Self-published Review schema. Google’s 2023 change — pulling review snippets for self-hosted reviews — was not reversed. Adding Review or AggregateRating schema with testimonials you collected yourself does almost nothing for visibility now and runs you into ABA Rule 7.1 territory in several states. If you want review signals to count, get them on Google itself. More on what still works in legal SEO with AI search here.

Wildly complex Organization markup. Nesting sameAs links to every social profile and directory listing is a relic of “fill the knowledge panel.” Modern AI systems don’t need 30 sameAs entries to figure out who you are. A clean LegalService block with firm name, address, phone, URL, logo, and three or four genuinely authoritative sameAs entries does the same work — and simpler markup is less likely to break.
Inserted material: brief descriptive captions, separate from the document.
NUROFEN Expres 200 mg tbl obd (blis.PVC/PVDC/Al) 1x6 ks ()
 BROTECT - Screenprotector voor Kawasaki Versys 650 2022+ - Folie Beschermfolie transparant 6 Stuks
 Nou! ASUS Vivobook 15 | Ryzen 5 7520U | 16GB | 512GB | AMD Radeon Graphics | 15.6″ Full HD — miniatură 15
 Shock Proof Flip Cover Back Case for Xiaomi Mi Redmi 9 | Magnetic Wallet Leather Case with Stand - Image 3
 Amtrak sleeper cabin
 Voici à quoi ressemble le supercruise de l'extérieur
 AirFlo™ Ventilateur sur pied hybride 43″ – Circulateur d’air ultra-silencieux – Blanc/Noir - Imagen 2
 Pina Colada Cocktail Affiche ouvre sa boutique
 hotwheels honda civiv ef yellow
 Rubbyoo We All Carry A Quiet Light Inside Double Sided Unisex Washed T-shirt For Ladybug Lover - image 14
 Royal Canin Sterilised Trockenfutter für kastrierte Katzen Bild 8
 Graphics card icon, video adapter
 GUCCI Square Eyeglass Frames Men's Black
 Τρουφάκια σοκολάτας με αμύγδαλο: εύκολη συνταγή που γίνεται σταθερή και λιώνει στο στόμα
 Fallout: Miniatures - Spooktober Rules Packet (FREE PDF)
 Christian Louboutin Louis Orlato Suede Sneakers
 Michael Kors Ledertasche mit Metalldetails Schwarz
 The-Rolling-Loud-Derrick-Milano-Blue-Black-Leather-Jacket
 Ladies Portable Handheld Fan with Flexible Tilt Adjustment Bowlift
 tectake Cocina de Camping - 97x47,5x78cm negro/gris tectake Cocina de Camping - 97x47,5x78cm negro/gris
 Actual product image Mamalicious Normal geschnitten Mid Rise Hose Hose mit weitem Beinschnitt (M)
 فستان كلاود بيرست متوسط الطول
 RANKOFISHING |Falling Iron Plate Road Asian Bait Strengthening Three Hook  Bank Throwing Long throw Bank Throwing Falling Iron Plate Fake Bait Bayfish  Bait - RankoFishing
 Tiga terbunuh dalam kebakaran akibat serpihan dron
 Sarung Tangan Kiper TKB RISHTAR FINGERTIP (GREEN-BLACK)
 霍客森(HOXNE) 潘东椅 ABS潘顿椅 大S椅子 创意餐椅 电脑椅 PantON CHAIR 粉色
HowTo and Speakable schema. HowTo was retired by Google — stop implementing it. Voice search for legal queries never became the volume channel agencies promised in 2018. If either is on your invoice, that’s a budget line that should be doing something else.

The 90-minute schema audit you can do this week

Minutes 0–20. Pull your homepage and three top practice pages into Google’s Rich Results Test and Schema.org Validator. The most common findings: LegalService present but missing service-area precision; Person schema missing entirely from bio pages; FAQPage applied to pages that aren’t actually Q&A; BreadcrumbList missing site-wide.

Minutes 20–50. On the LegalService block, expand service offerings into a discrete list. If you do PI, family, and estate, those should be three Service entries, each with a description that mirrors how a prospect would describe the problem. The highest-impact schema move for most firms — and almost nobody does it.

Minutes 50–70. Add Person schema to every attorney bio with bar admissions, years of practice, alumni-of (law school), and member-of (relevant bar associations). Five minutes per attorney once the template is set.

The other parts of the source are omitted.